夢と妄想は紙一重
第28話
莫妄想
「うーにゃん、今日のスケジュールは?」
朝、パパがうーにゃんに訊いた。その昔、ネコはネズミを捕まえるという仕事があったが、今のネコはただ食っては寝るだけだ。しかし、最近のうーにゃんは講演やらシンポジウムやらサイン会やらでなにかと忙しい。
「今日は空いているよ」
「そうか。じつはな、俺が世話になっている人の弟がうーにゃんに相談があるっていうんだ。聞くところによると、妄想に生きているというか、周りに迷惑をかけているというか……。困った人らしい」
パパは首をかしげながら語る。いつもとちがって歯切れが悪い。
「パパが相談にのるのはどうなの?」
「人にアドバイスされるのが嫌な人らしいんだよ。でも、ネコの言うことなら聞くかもしれないだろう? うーにゃんの話をしたら、弟を行かせるから、ぜひ会ってほしいと言われたんだ」
「うん、わかったよ。とりあえず話を聞いてみるね」
Mさんはその日の午後3時に来ることになった。
「どうだった、うーにゃん?」
Mさんが帰るや、パパがうーにゃんに訊いた。
「うーん……」
そう言ったきり、うーにゃんは考え込んでしまった。うーにゃんは狭いひたいに何本もシワをよせて考えている。

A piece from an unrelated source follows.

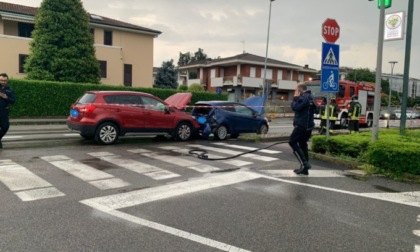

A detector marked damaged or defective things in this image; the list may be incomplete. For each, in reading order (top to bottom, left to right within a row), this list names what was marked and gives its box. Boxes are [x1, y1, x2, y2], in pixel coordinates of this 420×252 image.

crumpled hood [165, 91, 193, 109]
crumpled hood [241, 96, 264, 115]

「どうにもならないと思うよ、あの人。だって、はじめから聞く耳がないんだもの」
「でも、耳はついていただろ?」
「うん、でも、心の耳が閉じている。お兄さんから言われてしかたなく来たという感じだし、ずっと腕組みしていて上から目線だし。結局、自分が思い描いていることを相手に伝えて、それで終わりって感じ。いるんだよね、言葉にすることによって自分が思い描いていることが現実になったかのように錯覚してしまう人が」
「じゃあ、夢があるってことじゃないか」
「よく言えばそうなんだけど、あの人の場合は妄想だよ。現実と理想の区別がつかなくなっている。だってさパパ、聞いて」
それからうーにゃんはネコ座りして、言葉を継いだ。
「いろいろ発明しては製品化しているんだけど、さっぱり売れない。モノづくりはあきらめ、こんどは檻のない動物園をつくろうと思って知り合いの雑木林を借りて毎日朝から晩まで林の手入れをしたけど、林がきれいになっただけで動物園はできない。次は何軒もの古民家を安く譲り受けて、それをリフォームして売ろうとしたけど、ひとつも売れない。大きな借金をしていろいろ取り組んだことがまったく実を結ばなかったことを意に介していないんだよ。で、今度は自分の考え方を本にしてベストセラーにするって言ってたよ」
「いいじゃないか、そういう人がいても。世の中、金太郎アメを輪切りにしたような人ばかりなんだから。ところで、関西ではアメにちゃんをつけるって知ってるか?」
「えー、知らなかった。アメを擬人化してるんだね」
うーにゃんは急にアメを舐めたくなった。
「パパ、こんど、アメちゃん買ってくれる?」
「ああ、いいよ。俺も舐めたくなってきた。近くの駄菓子屋に売っているから、あとで買いに行こうか」
「うん。で、Mさん、収入はいっさいないから生活が困窮して奥さんと子供たちは出て行っちゃうし、食べる物にもこと欠く始末で、友人知人からお金を借りては返せないらしいの。それでも自分の夢を実現させたいと言っているんだから、ある意味すごいよね」
「まあ、バランスの問題だよな。夢と妄想は紙一重だ。無農薬リンゴの木村さんだって、ずっと夢を追い続けたけど、夜はスナックの呼び込みなんかもやって日銭を稼いでいた。最低限、家族を食べさせる収入を得ないと、絵に描いた餅になってしまう」
「莫妄想(まくもうぞう)だよね。妄想をするなかれ」
「そういうこと」
「妄想に生きるって、心地いいことでもあるよね。宝くじを買っただけで当選したような気になって無駄遣いしてしまう人がいるように」
「彼の生活を立て直すには、どうすればいいと思う?」
「まずは心のなかにあるこだわりのバケツをからっぽにして、聞く耳をたてることだと思うよ。そして夢を持ちつつ、食べていけるお金を稼ぐ。まずは生活の基盤を整える。仕事は選ばなければいくらでもあるしね」
「ネコのおまえだっていっぱい仕事してるんだからな。それにしても、人の意見を素直に聞くってことは、案外いちばん難しいかもな。まあいいかMさんのことは。いちおう義理ははたしたわけだし」
「そう、どうにもならないよ。行き着くところまでいかないと。パパ、それよりも駄菓子屋へ行こうよ」
「おーし、行こう!」
うーにゃんとパパは、胸踊らせながらアメちゃんを買いに出かけたのである。